Respect des droits de l’enfant: Mauvaise note pour Madagascar

Publié le par Alain GYRE

Respect des droits de l’enfant: Mauvaise note pour Madagascar

Vendredi, 21 Novembre 2014

La célébration du 25ème anniversaire de la convention relative aux Droits de l’Enfant a été une occasion pour l’Unicef Madagascar de présenter à la presse malgache lors d’une conférence au Café de la Gare de Soarano hier l’analyse sur la situation de la mère et de l’enfant. Et sans exagération, la situation malgache est des plus critiques en matière de respect des droits de l’enfant. On évoque souvent les droits de l’enfant alors que la grande majorité de la population ignore ce qu’il en retourne. Lors de la cérémonie de célébration, un état des lieux a été fait en matière de respect des droits de l’enfant dans la Grande Ile.

Droit de survie

Celui-ci prime avant tous les autres droits car il offre la possibilité à chaque enfant de grandir dans un cadre favorable. La mortalité maternelle reste toujours inquiétante car Madagascar compte encore 478 décès sur 100.000 naissances vivantes. Ce qui est loin des objectifs de l’OMD qui se fixait 124 décès sur 100.000 naissances vivantes. Selon les études 80% des décès maternels sont les conséquences d’un service sanitaire défaillant voir même inexistant dans certaine région de l’île.

Droit à la santé

La grande majorité des femmes malgaches ne bénéficient pas de soins durant leur grossesse. En 2012, seuls 51% des femmes enceintes ont eu un suivi sanitaire strict. Pire encore, 44% des femmes seulement ont un accouchement assisté par un personnel de santé qualifié. Ces chiffres datant de 2008, le passage de la crise a envénimé la situation. Qui plus est, le phénomène de grossesse précoce qui tend à s’accroître ces dernières années ne fait que compliquer les choses. En effet, 37% des filles de 15 à 19 ans commencent leur vie féconde à cet âge. Ce phénomène est amplifié par le fait que la proportion des filles-mères sont d’autant plus élevée dans les milieux ruraux où l’éducation et l’accès aux soins laissent à désirer. Ce qui accentue le risque de malnutrition ou de morbidité de ces enfants dont les mères à peine sorties de l’adolescence n’ont ni instruction ni moyen d’assurer leur éducation.

Droit à l’eau potable, l’assainissement et l’hygiène

10,4 millions de personnes n’ont pas accès à l’eau potable et au niveau mondial, Madagascar est le cinquième pays présentant les indicateurs les plus alarmants en ce qui concerne l’accès à l’eau avec un taux largement inférieur à la moyenne de l’Afrique Subsaharienne. On constate une grande impartialité entre le milieu rural et le milieu urbain. En matière d’assainissement, Madagascar n’a connu qu’une faible croissance au fil des années passant de 8% en 2008 en 14% en 2011. Par contre, la difficulté d’accès à l’assainissement est plus palpable en milieu urbain avec un taux de 19% contre un taux de 11% en milieu rural.

Droit à l’éducation

Le taux net de la scolarisation à Madagascar est actuellement à 69% contre un taux de 83% en 2005. Une régression considérable a été constatée suite à des années de crise. A l’heure où l’on parle, plus de 5 millions d’enfants en âge d’être scolarisés sont hors du système scolaire malgache. L’objectif d’un taux de scolarisation de 100% en 2015 dans le cadre des Objectifs de Millénaire de Développement est devenu une utopie.
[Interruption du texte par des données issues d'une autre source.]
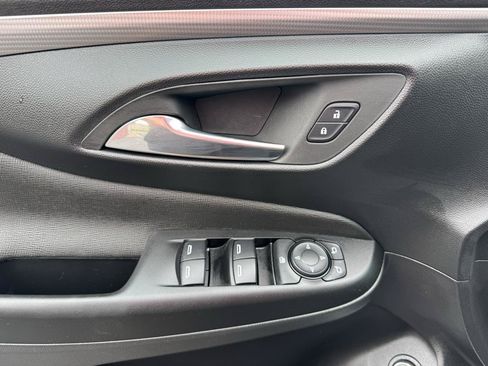 Used 2025 Buick Envista Avenir FWD image 14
Blocage à la jouissance de ces droits

Le mot qui revient le plus souvent quand on évoque le non-respect des droits des enfants c’est la pauvreté. Parce que nous sommes pauvres alors les femmes préfèrent accoucher chez la matrone que chez le docteur, parce que nous sommes pauvres alors nous ne pouvons pas nourrir nos enfants convenablement. Nous avons utilisé la pauvreté comme excuse si longtemps que quelque part nous espérons que cette situation de pauvreté justifie tout. Mais le fait est que Madagascar a ratifié la convention pour les droits de l’enfant et comme l’a si bien dit la représentante résidente de l’Unicef lors de son discours hier, « nous avons à respecter les droits de l’enfant non seulement parce qu’ils sont mignons et sans défense mais parce que c’est de notre responsabilité et de notre devoir comme le stipule si bien la loi ».